### Data Transformation

Visualization is an important tool for insight generation, but it is rare that you get the data in exactly the right form you need. You will often need to create some new variables or summaries, rename variables, or reorder observations for the data to be easier to manage.

To explore data manipulation verbs of pandas, we’ll use flights. This data frame contains all 336,776 flights that departed from New York City in 2013. The data comes from the US Bureau of Transportation Statistics.
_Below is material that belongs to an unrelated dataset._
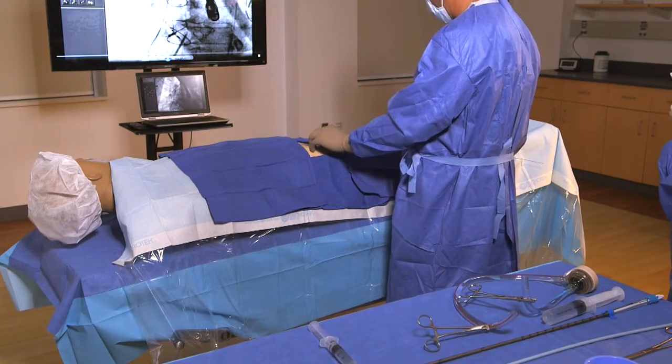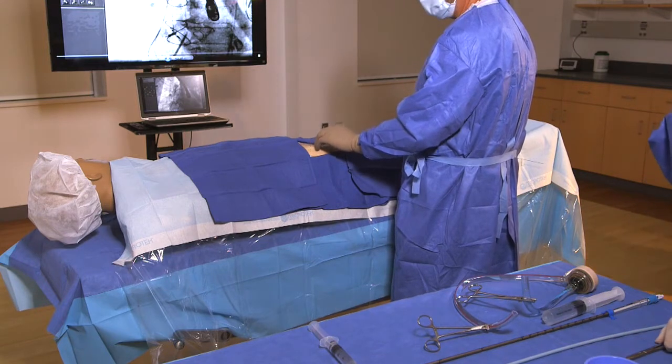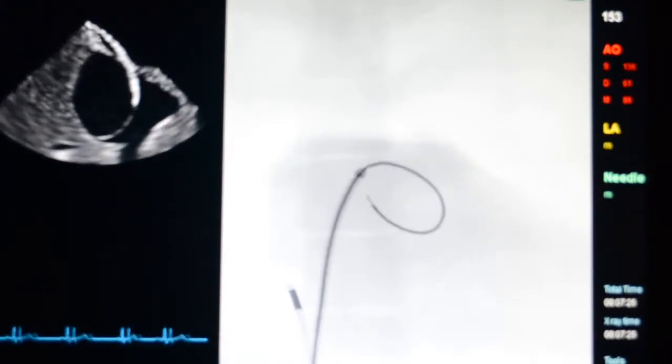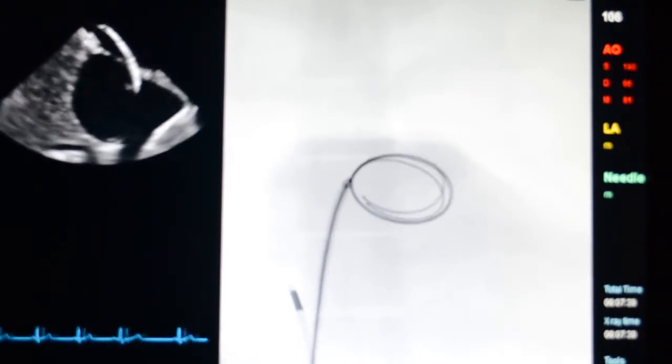Use a standard transeptal puncture technique to gain access into the left atrium from the femoral vein. Introduce the guide wire through the needle and into the left atrium. Then remove the transeptal needle and mullens sheath.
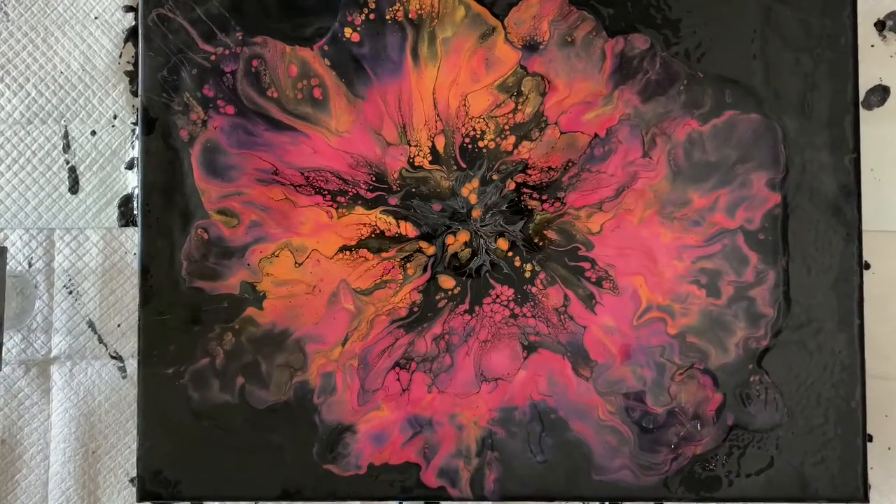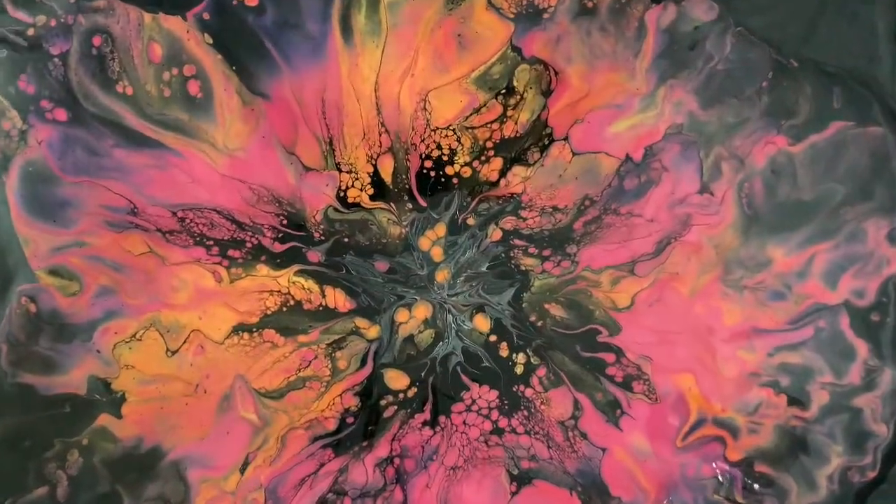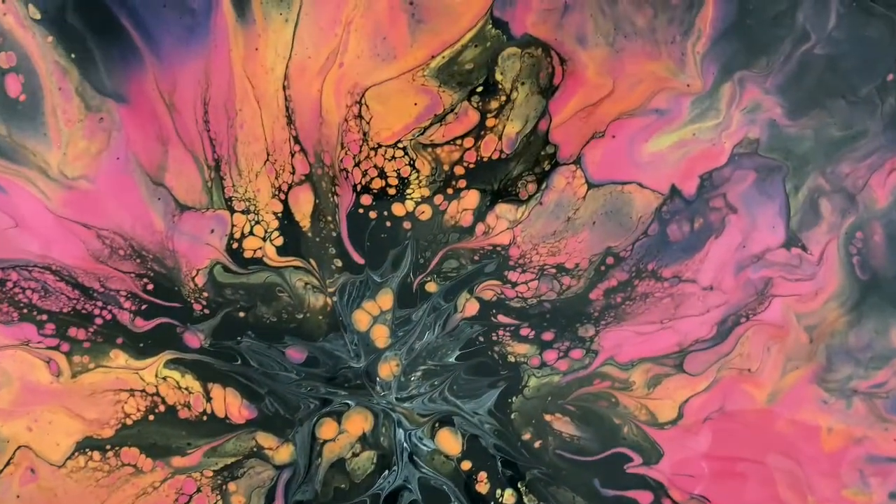All righty, here we go. Finished product. Kind of a happy, bright painting, isn't it?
**As always, import the necessary libraries now and the dataset you will need at the start of your notebook**

In [1]:
import pandas as pd
import numpy as np

flights = pd.read_csv("../Data/nycflights13_flights.csv", index_col=0)
flights.reset_index(drop=True, inplace=True) # reset index to default integer index
flights.head()
# flights.info()

Unnamed: 0,year,month,day,dep_time,sched_dep_time,dep_delay,arr_time,sched_arr_time,arr_delay,carrier,flight,tailnum,origin,dest,air_time,distance,hour,minute,time_hour
0,2013,3,25,1929.0,1905,24.0,2236.0,2217,19.0,UA,1471,N37298,EWR,RSW,169.0,1068,19,5,2013-03-25 19:00:00
1,2013,4,26,956.0,1000,-4.0,1257.0,1334,-37.0,DL,1765,N717TW,JFK,SFO,337.0,2586,10,0,2013-04-26 10:00:00
2,2013,5,21,1320.0,1309,11.0,1430.0,1414,16.0,EV,4129,N11536,EWR,DCA,39.0,199,13,9,2013-05-21 13:00:00
3,2013,7,18,1222.0,1230,-8.0,1357.0,1419,-22.0,EV,5796,N13958,EWR,CLT,77.0,529,12,30,2013-07-18 12:00:00
4,2013,8,29,540.0,545,-5.0,921.0,921,0.0,B6,939,N535JB,JFK,BQN,198.0,1576,5,45,2013-08-29 05:00:00


We are going to learn five key pandas functions or object methods. Object methods are things the objects can perform. For example, pandas data frames know how to tell you their shape, the pandas object knows how to concatenate two data frames together. The way we tell an object we want it to do something is with the ‘dot operator’. We will refer to these object operators as functions or methods. Below are the five methods that allow you to solve the vast majority of your data manipulation challenges:

| Python pandas function | What it does |
|-------------------------|--------------|
| `query()`              | Pick observations (rows) by their values |
| `sort_values()`        | Reorder the rows based on one or more columns |
| `filter()` or `loc[]`  | Pick variables (columns) by their names |
| `rename()`             | Rename columns or index labels |
| `assign()`             | Create new variables (columns) using functions of existing variables |
| `groupby()`            | Split data into groups based on values of one or more keys |
| `agg()`                | Collapse many values down to a single summary (e.g., mean, sum, count) |

To use filtering effectively, you have to know how to select the observations that you want using the comparison operators. Python provides the standard suite: `>`, `>=`, `<`, `<=`, `!=` (not equal), and `==` (equal).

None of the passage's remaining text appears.